As a matter of law and tradition, Congress is supposed to enact policy decisions in authorization legislation and specify spending levels in appropriations bills.

But Congress likely won't pass a Homeland Security authorization bill this year, several sources said. So the funding bill has become the vehicle for a menagerie of policy directives.

A spokeswoman for the Senate Homeland Security and Governmental Affairs Committee said the panel has worked on a series of investigations and hearings covering issues, such as port security, chemical security and postal matters, that were more pressing than drafting an authorization bill.

But when it finally appears, the bill will include a number of provisions affecting its IT spending that lawmakers typically outline in the authorization bill.

One of the most significant differences between the House and Senate spending bills is a Senate provision that would delay and modify the administration's People Access Security Services program. The PASS program would create a new radio frequency identification credential for mandatory use by some U.S. citizens entering the country.

The Senate's DHS spending bill mandates a 17-month delay in the PASS program's RFID card plan, among other provisions.

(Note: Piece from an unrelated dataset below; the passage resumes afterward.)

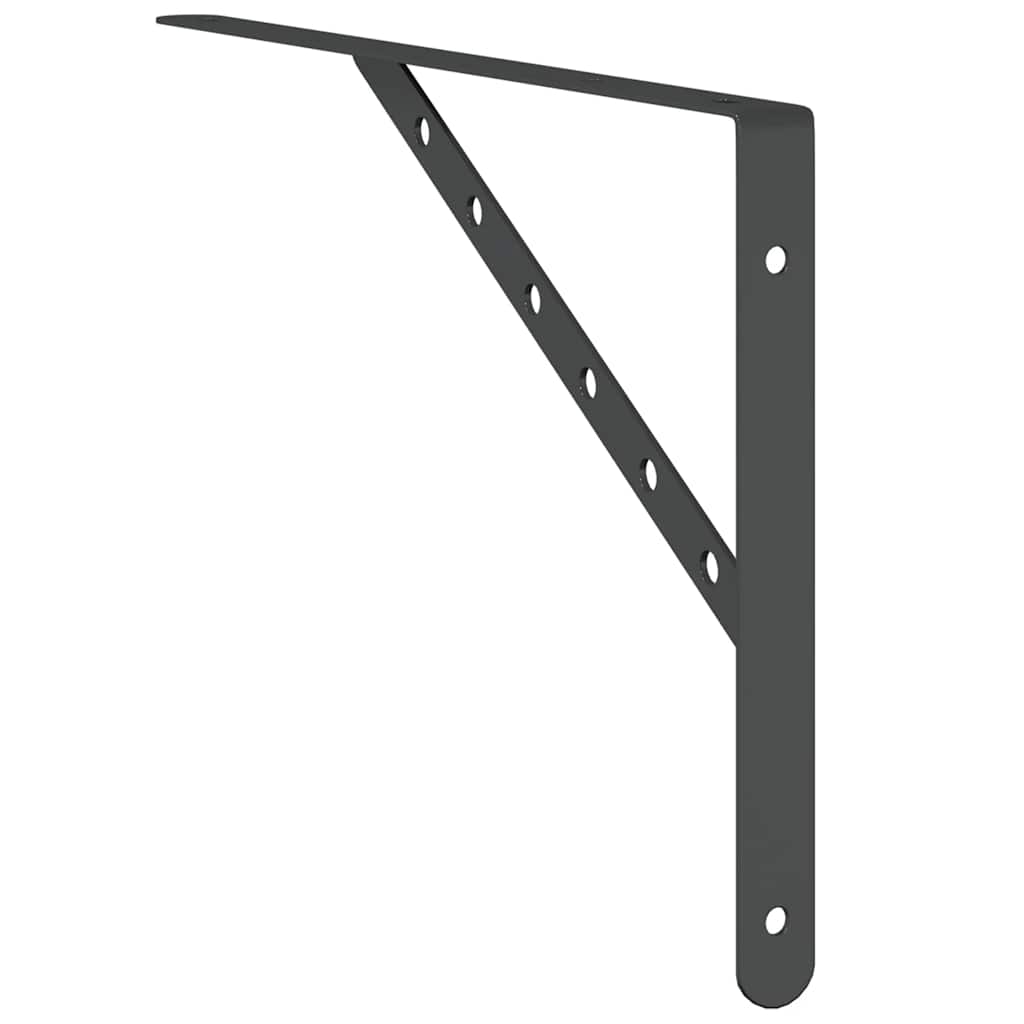 vidaXL Wsporniki do półek, 4 szt., 40x2,5x25 cm, czarna stal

The PASS program delay amendment gained traction last week in the House, even though representatives did not include a similar provision in their draft spending bill.

One senior House aide close to the PASS program negotiations said the House members of the conference committee likely would seek to modify, but not scuttle, the Senate amendment.

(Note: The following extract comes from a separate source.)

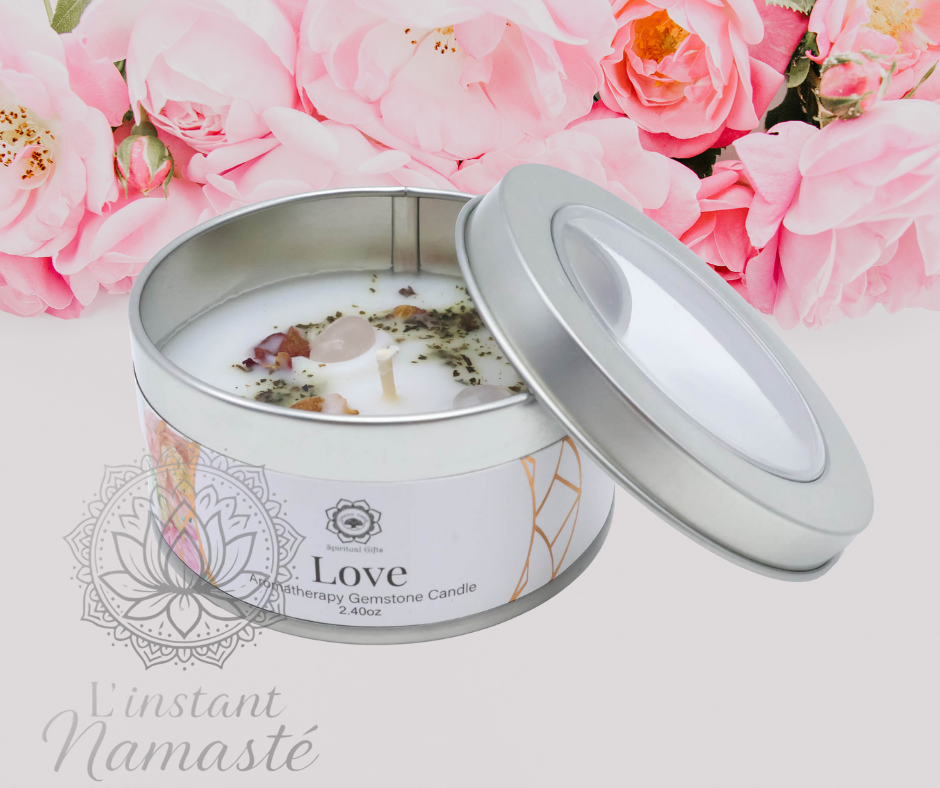 Bougie Rose & Quartz Rose – Amour 💗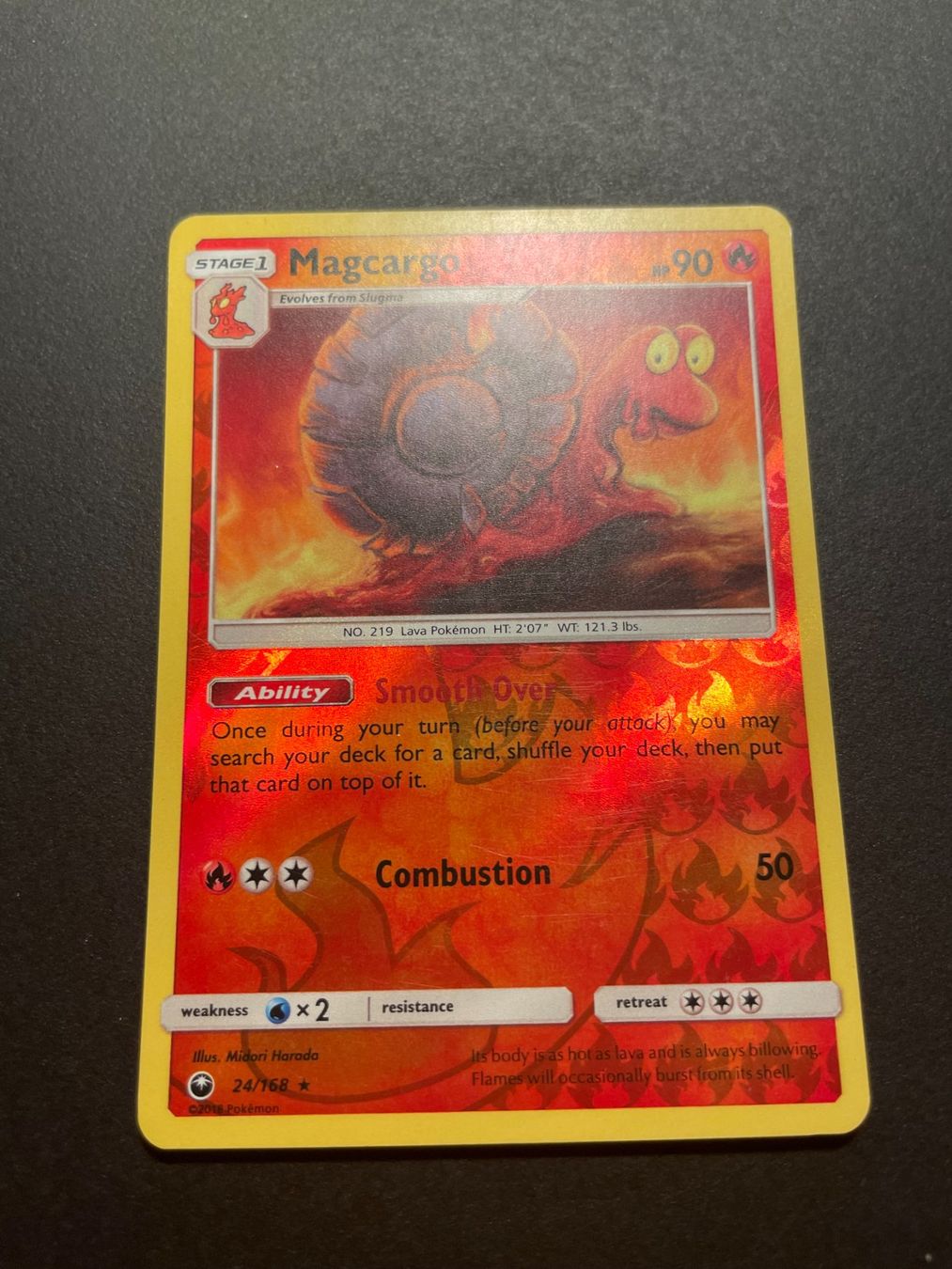 Pokémon Carte collezionabili: Magcargo 24/168 Reverse Holo Sun & Moon – Usato da Zürich venduto da pokemon_cards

"The momentum in favor of the amendment that has been noticeable in the Senate has been noticeable in the House," said a senior aide to Sen. Patrick Leahy (D-Vt.).

The aide said that there is no sign of opposition to the PASS amendment in the House.

The aide said Leahy had asked Secretary of State Condoleezza Rice and DHS Secretary Michael Chertoff about the departments' long-simmering dispute over PASS card technology.

Various sources said that State and DHS are close to resolving their different approaches to PASS cards' RFID technology, but OMB has not approved their plans.

Some sources said DHS and State have agreed to use the ultra-high-frequency RFID technology on the PASS card, and DHS is expected to issue a draft request for proposals this week.

If the PASS card requirement delay is enacted, the program's foes will have about a year and a half to rally opposition to the entire project.

Good idea?

James Carafano, senior fellow at the Heritage Foundation, condemned the new travel credential program. "I think the PASS card program's requirement for a new travel document is a stupid idea," he said.

Carafano backs a proposal to persuade the Canadian government to issue secure driver's licenses that would serve as proof of citizenship, comparable to the REAL ID Act.

President George W. Bush signed the REAL ID Act May 11, 2005, as part of a supplemental appropriations bill. The requirement for secure driver's licenses kicks in three years from then.

"If we trust people to get on airplanes with only [secure] driver's licenses for identification, we should allow them as identification for border crossing," Carafano said.

"Canada and the United States are sovereign countries, but they are inextricably linked, and any impediment to travel is bad," he said. "You raise the bridge, you don't lower the river."